Task details ▸ Locate the line that contains "جوز كنيور يلو سايد" in the entries below, then repeat it and every following line through the line that contains "華龍公司開展植樹活動(dòng) 為大自然添新綠", exactly, and no others.

Dataset items
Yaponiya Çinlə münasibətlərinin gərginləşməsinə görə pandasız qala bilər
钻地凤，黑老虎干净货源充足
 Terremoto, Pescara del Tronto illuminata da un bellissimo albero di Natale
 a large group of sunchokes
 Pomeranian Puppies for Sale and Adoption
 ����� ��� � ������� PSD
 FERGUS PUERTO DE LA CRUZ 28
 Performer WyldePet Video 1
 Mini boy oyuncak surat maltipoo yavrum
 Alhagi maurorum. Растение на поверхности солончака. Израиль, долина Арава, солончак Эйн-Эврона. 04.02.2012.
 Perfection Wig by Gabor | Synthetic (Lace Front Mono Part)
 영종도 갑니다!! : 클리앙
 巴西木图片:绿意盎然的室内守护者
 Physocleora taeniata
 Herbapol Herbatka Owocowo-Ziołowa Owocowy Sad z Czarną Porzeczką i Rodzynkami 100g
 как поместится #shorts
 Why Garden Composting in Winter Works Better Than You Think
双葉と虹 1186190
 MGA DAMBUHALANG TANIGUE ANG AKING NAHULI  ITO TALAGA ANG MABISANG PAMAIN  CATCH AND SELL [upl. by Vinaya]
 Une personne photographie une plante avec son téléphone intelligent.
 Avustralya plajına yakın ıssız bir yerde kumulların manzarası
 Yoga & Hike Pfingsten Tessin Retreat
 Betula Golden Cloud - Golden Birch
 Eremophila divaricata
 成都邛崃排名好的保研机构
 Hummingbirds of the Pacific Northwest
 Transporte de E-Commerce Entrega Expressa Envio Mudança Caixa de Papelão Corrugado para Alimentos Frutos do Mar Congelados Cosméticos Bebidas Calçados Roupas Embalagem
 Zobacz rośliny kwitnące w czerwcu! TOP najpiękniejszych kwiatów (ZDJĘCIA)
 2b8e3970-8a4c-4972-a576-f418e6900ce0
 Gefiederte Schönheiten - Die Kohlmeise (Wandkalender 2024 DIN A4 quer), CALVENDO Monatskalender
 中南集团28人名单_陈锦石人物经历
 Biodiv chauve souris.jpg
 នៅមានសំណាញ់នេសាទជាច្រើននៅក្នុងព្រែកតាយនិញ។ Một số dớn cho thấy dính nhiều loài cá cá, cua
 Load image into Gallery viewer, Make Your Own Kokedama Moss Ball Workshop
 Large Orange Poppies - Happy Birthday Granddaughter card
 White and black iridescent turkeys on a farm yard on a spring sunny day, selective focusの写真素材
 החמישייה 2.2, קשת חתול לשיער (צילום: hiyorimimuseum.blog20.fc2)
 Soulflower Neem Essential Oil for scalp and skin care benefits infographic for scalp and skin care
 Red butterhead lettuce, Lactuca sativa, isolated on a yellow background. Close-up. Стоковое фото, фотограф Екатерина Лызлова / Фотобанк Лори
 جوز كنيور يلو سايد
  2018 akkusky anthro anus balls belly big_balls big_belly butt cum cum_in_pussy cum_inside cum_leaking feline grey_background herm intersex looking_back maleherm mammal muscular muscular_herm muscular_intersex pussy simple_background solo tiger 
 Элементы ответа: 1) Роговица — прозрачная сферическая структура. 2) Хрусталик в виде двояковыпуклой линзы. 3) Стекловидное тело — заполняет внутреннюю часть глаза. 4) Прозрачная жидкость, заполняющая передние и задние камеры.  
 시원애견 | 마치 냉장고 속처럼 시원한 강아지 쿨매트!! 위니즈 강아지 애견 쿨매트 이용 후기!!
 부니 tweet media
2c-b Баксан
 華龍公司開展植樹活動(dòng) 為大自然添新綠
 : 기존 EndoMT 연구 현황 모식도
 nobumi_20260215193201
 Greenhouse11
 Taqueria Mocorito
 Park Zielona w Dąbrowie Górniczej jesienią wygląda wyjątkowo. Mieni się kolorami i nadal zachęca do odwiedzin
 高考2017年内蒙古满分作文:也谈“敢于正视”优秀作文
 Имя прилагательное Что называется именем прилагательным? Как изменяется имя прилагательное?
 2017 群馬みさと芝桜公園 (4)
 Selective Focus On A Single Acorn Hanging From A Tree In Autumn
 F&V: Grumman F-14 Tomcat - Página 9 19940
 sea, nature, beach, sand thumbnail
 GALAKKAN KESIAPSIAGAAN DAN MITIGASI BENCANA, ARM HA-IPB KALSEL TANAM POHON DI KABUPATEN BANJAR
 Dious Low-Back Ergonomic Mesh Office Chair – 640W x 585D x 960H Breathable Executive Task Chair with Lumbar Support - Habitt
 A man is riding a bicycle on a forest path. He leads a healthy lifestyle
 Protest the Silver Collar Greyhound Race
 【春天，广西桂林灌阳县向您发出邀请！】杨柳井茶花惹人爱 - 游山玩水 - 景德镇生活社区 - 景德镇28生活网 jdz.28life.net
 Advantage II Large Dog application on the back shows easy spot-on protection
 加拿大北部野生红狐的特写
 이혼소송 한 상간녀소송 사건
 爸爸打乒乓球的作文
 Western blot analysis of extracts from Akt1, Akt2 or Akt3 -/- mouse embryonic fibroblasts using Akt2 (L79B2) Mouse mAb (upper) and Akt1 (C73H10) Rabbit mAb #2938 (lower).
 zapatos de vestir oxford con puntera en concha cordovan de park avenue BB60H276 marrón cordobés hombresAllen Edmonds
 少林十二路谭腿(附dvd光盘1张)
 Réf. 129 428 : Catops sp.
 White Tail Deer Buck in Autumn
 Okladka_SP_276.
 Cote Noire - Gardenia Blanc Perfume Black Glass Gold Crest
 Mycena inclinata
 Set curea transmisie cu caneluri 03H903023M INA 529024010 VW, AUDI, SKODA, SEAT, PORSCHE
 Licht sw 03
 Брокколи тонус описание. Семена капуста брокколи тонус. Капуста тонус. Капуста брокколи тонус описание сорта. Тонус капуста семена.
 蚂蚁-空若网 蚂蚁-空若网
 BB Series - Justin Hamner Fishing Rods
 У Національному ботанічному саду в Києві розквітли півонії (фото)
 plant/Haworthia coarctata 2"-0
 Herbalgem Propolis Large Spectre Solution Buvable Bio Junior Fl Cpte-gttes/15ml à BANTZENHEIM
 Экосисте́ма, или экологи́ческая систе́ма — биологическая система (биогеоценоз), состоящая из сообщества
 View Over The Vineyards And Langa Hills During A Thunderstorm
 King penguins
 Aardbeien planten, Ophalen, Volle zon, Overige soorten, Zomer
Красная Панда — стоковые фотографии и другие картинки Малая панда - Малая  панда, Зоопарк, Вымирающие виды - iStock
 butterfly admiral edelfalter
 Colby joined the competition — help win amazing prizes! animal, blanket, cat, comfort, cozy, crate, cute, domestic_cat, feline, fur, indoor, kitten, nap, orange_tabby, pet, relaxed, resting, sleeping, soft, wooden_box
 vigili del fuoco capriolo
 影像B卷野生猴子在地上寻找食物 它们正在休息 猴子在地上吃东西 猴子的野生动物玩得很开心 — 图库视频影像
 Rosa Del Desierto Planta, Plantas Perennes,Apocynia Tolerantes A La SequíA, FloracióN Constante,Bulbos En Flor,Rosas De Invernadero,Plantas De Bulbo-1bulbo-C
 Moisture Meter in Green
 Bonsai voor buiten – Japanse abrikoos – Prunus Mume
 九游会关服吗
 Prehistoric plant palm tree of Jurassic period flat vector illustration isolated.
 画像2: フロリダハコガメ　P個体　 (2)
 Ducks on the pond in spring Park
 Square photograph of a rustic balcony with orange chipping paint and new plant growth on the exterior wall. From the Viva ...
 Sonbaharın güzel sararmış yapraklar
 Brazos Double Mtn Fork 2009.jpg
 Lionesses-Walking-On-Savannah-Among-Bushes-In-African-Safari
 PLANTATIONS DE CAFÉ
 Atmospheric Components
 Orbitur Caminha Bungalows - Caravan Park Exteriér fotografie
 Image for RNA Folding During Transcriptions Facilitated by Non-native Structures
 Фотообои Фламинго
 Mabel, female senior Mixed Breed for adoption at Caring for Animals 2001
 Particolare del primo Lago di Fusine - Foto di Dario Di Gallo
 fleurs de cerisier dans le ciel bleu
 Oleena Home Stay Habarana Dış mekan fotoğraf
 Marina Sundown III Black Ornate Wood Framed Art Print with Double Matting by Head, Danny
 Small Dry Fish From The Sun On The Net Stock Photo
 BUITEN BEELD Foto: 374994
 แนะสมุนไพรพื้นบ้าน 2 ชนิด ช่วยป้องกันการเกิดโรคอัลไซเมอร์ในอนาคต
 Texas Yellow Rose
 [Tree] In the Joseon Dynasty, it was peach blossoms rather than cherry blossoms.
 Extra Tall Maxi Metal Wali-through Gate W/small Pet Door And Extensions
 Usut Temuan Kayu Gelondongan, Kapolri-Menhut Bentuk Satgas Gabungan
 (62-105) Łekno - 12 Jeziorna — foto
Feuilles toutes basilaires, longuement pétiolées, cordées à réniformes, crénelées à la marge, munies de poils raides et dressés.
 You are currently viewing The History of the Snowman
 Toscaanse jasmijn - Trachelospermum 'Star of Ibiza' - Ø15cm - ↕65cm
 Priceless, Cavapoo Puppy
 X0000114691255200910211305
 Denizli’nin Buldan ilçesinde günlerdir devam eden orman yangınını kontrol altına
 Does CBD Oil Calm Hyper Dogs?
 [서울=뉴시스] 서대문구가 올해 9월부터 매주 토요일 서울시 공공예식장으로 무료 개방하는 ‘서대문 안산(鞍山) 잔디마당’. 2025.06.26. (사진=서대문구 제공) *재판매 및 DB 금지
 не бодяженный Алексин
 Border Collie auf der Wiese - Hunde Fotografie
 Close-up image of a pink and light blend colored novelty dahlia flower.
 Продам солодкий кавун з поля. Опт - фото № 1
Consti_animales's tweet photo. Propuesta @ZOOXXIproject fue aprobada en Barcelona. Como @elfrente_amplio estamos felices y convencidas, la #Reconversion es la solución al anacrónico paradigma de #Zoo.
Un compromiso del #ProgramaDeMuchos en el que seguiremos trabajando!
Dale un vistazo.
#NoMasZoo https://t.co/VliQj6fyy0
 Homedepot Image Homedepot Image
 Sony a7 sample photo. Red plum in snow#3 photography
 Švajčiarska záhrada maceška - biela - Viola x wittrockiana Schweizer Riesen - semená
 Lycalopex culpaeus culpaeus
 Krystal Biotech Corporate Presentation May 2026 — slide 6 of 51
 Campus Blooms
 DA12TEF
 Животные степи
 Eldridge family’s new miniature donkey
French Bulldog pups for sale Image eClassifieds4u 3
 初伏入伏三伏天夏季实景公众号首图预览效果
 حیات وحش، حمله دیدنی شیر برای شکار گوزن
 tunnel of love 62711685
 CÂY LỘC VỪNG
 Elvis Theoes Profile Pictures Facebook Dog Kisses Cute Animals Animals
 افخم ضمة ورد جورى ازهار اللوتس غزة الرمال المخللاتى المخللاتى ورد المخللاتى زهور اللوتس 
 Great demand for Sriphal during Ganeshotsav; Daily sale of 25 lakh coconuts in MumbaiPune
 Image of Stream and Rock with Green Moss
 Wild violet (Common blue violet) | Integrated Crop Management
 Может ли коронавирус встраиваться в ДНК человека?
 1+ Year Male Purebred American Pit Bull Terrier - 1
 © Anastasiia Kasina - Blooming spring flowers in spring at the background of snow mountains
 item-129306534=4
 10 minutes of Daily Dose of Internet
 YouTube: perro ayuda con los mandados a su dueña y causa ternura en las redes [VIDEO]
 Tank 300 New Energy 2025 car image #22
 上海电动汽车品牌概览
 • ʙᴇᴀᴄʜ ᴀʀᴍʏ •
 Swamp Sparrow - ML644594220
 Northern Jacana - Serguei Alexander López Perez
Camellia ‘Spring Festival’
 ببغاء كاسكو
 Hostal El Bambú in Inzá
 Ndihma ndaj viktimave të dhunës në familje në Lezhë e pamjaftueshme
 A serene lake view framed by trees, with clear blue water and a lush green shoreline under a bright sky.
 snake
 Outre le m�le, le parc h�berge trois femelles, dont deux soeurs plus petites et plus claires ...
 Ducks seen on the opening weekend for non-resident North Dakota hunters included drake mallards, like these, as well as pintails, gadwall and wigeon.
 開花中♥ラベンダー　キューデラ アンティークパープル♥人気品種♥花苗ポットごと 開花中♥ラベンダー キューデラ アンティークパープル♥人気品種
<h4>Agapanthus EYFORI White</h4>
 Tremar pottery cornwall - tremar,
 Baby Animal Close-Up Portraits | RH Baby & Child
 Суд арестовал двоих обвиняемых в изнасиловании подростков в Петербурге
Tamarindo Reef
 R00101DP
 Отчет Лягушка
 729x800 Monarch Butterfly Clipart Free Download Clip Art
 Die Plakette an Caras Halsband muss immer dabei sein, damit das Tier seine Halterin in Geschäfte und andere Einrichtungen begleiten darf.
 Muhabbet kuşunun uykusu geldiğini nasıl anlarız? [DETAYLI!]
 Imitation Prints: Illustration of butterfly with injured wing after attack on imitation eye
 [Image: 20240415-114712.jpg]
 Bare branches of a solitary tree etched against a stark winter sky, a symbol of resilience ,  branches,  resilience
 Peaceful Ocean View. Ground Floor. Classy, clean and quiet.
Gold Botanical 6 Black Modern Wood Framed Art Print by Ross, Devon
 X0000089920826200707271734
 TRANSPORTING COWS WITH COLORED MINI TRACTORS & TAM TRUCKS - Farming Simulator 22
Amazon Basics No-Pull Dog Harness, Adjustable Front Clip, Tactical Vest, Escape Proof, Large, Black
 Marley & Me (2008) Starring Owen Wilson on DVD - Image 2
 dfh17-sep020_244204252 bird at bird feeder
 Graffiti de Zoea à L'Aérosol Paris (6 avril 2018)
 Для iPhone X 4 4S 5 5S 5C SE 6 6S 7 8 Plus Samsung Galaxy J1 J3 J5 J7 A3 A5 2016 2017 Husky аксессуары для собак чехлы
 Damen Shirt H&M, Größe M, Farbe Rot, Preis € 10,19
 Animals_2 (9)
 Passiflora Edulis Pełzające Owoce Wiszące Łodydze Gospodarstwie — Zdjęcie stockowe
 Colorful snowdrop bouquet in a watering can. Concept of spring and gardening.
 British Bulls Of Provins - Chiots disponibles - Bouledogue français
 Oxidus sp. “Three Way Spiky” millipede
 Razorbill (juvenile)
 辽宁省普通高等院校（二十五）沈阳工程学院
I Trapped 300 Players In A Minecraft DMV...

Exercise output ▸
 جوز كنيور يلو سايد
  2018 akkusky anthro anus balls belly big_balls big_belly butt cum cum_in_pussy cum_inside cum_leaking feline grey_background herm intersex looking_back maleherm mammal muscular muscular_herm muscular_intersex pussy simple_background solo tiger 
 Элементы ответа: 1) Роговица — прозрачная сферическая структура. 2) Хрусталик в виде двояковыпуклой линзы. 3) Стекловидное тело — заполняет внутреннюю часть глаза. 4) Прозрачная жидкость, заполняющая передние и задние камеры.  
 시원애견 | 마치 냉장고 속처럼 시원한 강아지 쿨매트!! 위니즈 강아지 애견 쿨매트 이용 후기!!
 부니 tweet media
2c-b Баксан
 華龍公司開展植樹活動(dòng) 為大自然添新綠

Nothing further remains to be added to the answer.